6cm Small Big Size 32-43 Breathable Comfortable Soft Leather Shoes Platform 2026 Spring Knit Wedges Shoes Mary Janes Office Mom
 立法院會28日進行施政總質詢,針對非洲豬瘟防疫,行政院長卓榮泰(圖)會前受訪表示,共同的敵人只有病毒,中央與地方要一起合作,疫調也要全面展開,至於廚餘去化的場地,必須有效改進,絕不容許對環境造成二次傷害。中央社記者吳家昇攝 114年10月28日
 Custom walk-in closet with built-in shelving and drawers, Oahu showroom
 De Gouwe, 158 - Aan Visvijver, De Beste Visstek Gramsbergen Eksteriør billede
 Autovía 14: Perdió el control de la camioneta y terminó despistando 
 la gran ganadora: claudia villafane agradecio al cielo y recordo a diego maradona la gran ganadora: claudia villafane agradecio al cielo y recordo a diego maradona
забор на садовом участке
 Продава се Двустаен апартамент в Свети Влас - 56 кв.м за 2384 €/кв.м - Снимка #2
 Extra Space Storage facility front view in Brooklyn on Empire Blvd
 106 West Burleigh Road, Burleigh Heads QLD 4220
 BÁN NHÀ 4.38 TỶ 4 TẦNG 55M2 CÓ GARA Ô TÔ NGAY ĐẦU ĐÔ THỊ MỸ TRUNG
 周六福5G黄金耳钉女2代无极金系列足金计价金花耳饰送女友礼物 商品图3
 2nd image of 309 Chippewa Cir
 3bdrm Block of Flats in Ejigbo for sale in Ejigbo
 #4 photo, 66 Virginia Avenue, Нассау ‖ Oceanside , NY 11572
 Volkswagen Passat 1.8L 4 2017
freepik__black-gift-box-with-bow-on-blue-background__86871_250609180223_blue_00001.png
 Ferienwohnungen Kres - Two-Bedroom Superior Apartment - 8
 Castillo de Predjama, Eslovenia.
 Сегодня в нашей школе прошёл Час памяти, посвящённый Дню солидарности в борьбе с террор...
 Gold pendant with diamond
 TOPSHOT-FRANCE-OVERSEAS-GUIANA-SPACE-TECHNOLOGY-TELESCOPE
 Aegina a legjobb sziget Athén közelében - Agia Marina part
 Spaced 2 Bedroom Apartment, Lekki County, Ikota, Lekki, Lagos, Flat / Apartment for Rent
◇ ◇ ◇ ◇ ◇
When you reach the end of the data above, set it all down again unchanged.

» **Response area**:
6cm Small Big Size 32-43 Breathable Comfortable Soft Leather Shoes Platform 2026 Spring Knit Wedges Shoes Mary Janes Office Mom
 立法院會28日進行施政總質詢,針對非洲豬瘟防疫,行政院長卓榮泰(圖)會前受訪表示,共同的敵人只有病毒,中央與地方要一起合作,疫調也要全面展開,至於廚餘去化的場地,必須有效改進,絕不容許對環境造成二次傷害。中央社記者吳家昇攝 114年10月28日
 Custom walk-in closet with built-in shelving and drawers, Oahu showroom
 De Gouwe, 158 - Aan Visvijver, De Beste Visstek Gramsbergen Eksteriør billede
 Autovía 14: Perdió el control de la camioneta y terminó despistando 
 la gran ganadora: claudia villafane agradecio al cielo y recordo a diego maradona la gran ganadora: claudia villafane agradecio al cielo y recordo a diego maradona
забор на садовом участке
 Продава се Двустаен апартамент в Свети Влас - 56 кв.м за 2384 €/кв.м - Снимка #2
 Extra Space Storage facility front view in Brooklyn on Empire Blvd
 106 West Burleigh Road, Burleigh Heads QLD 4220
 BÁN NHÀ 4.38 TỶ 4 TẦNG 55M2 CÓ GARA Ô TÔ NGAY ĐẦU ĐÔ THỊ MỸ TRUNG
 周六福5G黄金耳钉女2代无极金系列足金计价金花耳饰送女友礼物 商品图3
 2nd image of 309 Chippewa Cir
 3bdrm Block of Flats in Ejigbo for sale in Ejigbo
 #4 photo, 66 Virginia Avenue, Нассау ‖ Oceanside , NY 11572
 Volkswagen Passat 1.8L 4 2017
freepik__black-gift-box-with-bow-on-blue-background__86871_250609180223_blue_00001.png
 Ferienwohnungen Kres - Two-Bedroom Superior Apartment - 8
 Castillo de Predjama, Eslovenia.
 Сегодня в нашей школе прошёл Час памяти, посвящённый Дню солидарности в борьбе с террор...
 Gold pendant with diamond
 TOPSHOT-FRANCE-OVERSEAS-GUIANA-SPACE-TECHNOLOGY-TELESCOPE
 Aegina a legjobb sziget Athén közelében - Agia Marina part
 Spaced 2 Bedroom Apartment, Lekki County, Ikota, Lekki, Lagos, Flat / Apartment for Rent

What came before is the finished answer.